Laut dem KI-Reifegrad-Report 2024, erstellt vom Bundesverband Digitalpublisher und Zeitungsverleger in Zusammenarbeit mit Retresco, ist generative KI bereits weitgehend in deutschen Medienunternehmen etabliert. 85 Prozent der befragten Verlage setzen die Technologie aktiv ein, und 13 Prozent planen, sie in Zukunft zu nutzen. Dennoch ist die Technologie noch nicht flächendeckend im Einsatz – und die Potenziale der generativen KI bleiben nach wie vor ungenutzt. Das wird deutlich, da nur 13 Prozent der Befragten angeben, dass in ihrer Redaktion 51 bis 100 Prozent der Journalisten KI-Tools regelmäßig nutzen. Die übrigen Befragten geben eine deutlich geringere Nutzung in ihrer Redaktion an.  

Deutsche Medien nutzen KI als unterstützendes Werkzeug

Deutsche Medienunternehmen setzen KI-Anwendungen vor allem für die Texterstellung ein, hauptsächlich als Assistenz im kreativen Bereich. Vollständig autonome Textproduktion mit KI findet bei den befragten Unternehmen dagegen nicht statt. Grund dafür ist unter anderem, dass ein Großteil der Menschen skeptisch auf KI-generierte Inhalte reagiert, zeigt der Reuters Digital News Report 2024. Auch die noch nicht ausreichende Qualität des Outputs der KI-Tools ist für Verlage ausschlaggebend.  

Ähnlich verhält es sich bei der Podcast-Produktion: Nur drei Prozent der befragten Unternehmen lassen Podcasts vollständig autonom von KI produzieren und nutzen die Technologie vor allem als Werkzeug. Gründe dafür sind hohe Qualitätsanforderungen des Journalismus, die noch begrenzten Verlässlichkeit der Technologie, technische Einschränkungen sowie ethisch und rechtlichen Bedenken.  

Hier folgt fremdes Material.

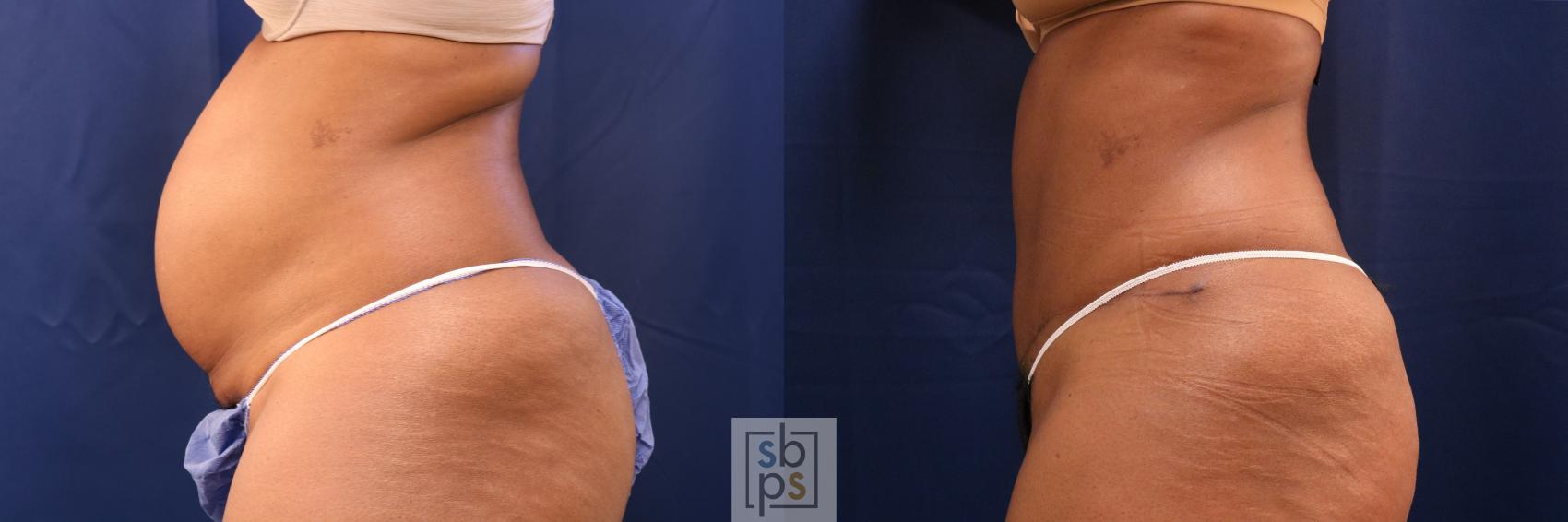 Before & After Tummy Tuck Case 707 Left Side View in Torrance & Los Angeles, CA, CA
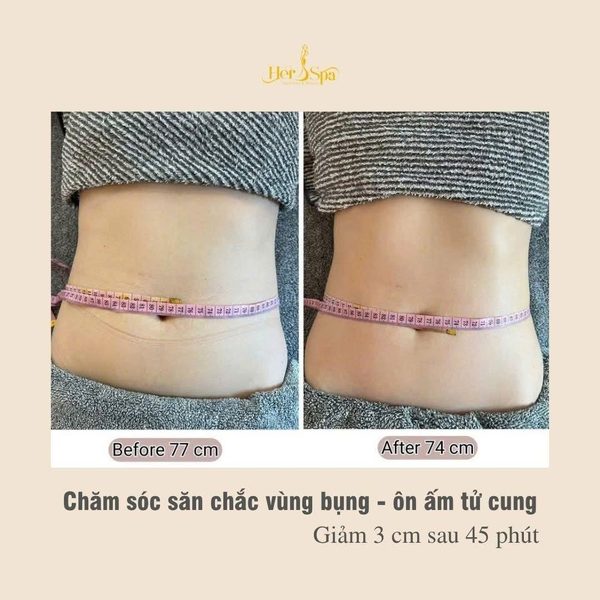 Kết quả trước sau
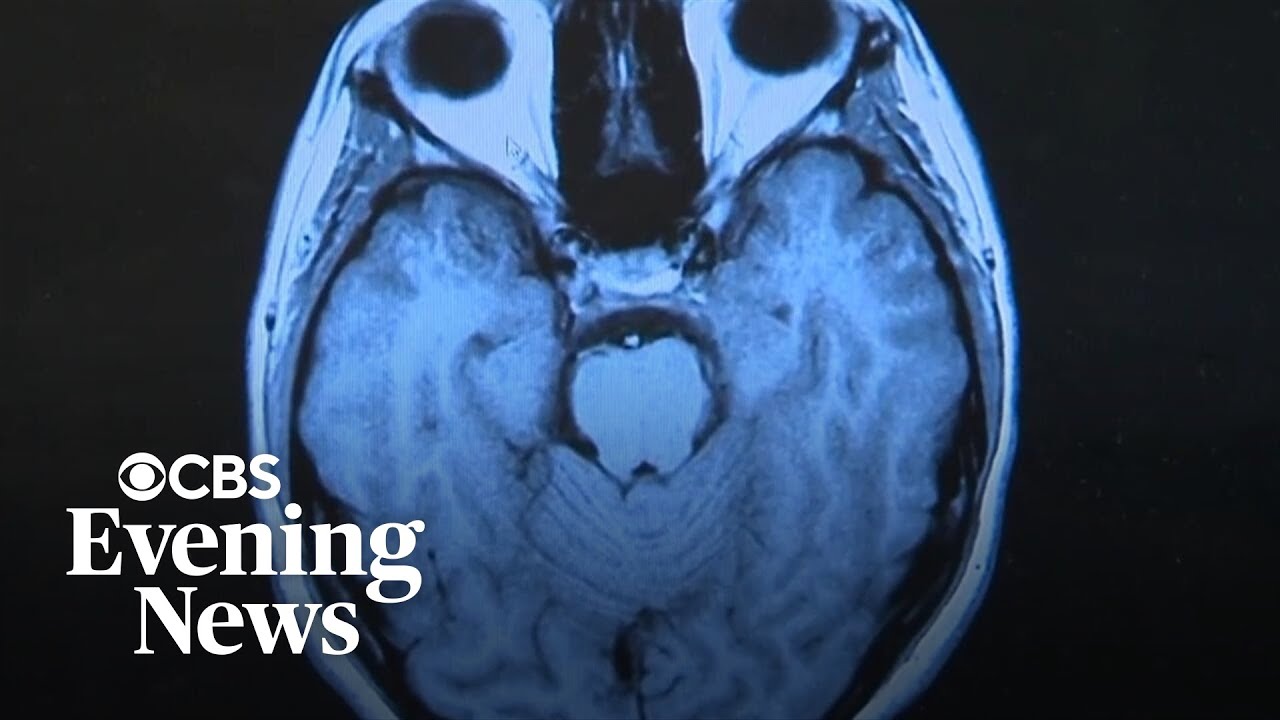 Researcher says Long COVID causing 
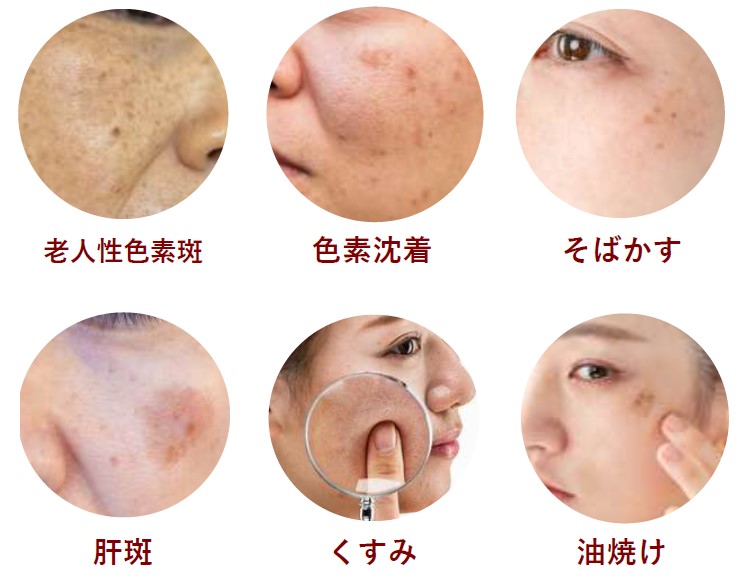 福岡・鹿児島県姶良市のシミの種類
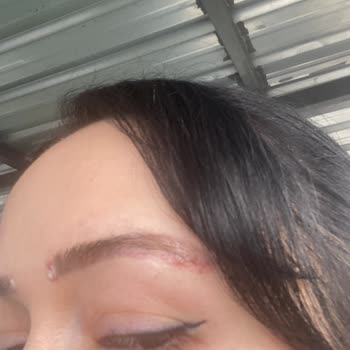 Kalıcı Kaş İşleminde Yara Ve Kanama, 2800 TL İadesi Talebi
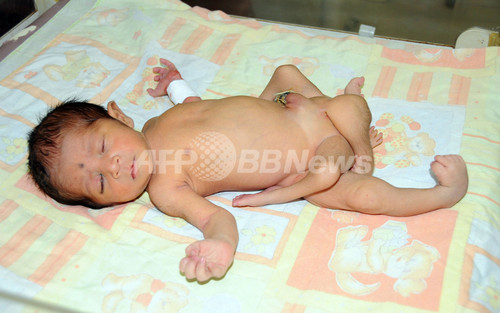 パキスタンで脚が6本ある赤ちゃん生まれる 写真3枚 ファッション ニュースならmode Press Powered By Afpbb News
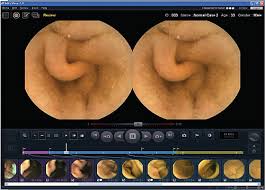Image result for Virtual Endoscopy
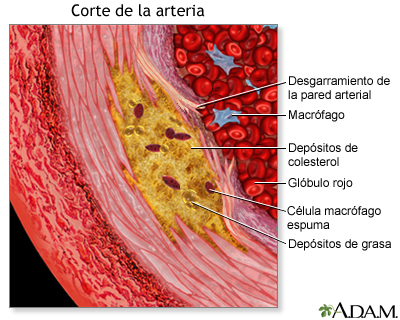 Vista agrandada de la aterosclerosis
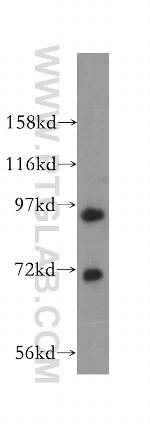 MCM8 Antibody in Western Blot (WB)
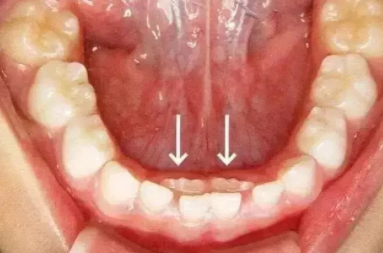 寶寶恒牙長出后錯位怎么辦  恒牙已生乳牙未脫可以拔嗎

Die Kombination von KI und menschlicher Arbeit zeigt sich dagegen als vielversprechend für die Content-Erstellung. Das zeigt sich insbesondere bei Audio-Formaten, die ein Drittel (34 Prozent) der befragten deutschen Medienunternehmen zeit- und ressourcensparend mithilfe von KI produziert. KI-basierte Text-to-Speech-Programme vereinfachen beispielsweise die Erstellung von Newspodcasts: Der vorbereitete Text wird durch generative KI in Sprache umgewandelt und von einer künstlichen Stimme gesprochen.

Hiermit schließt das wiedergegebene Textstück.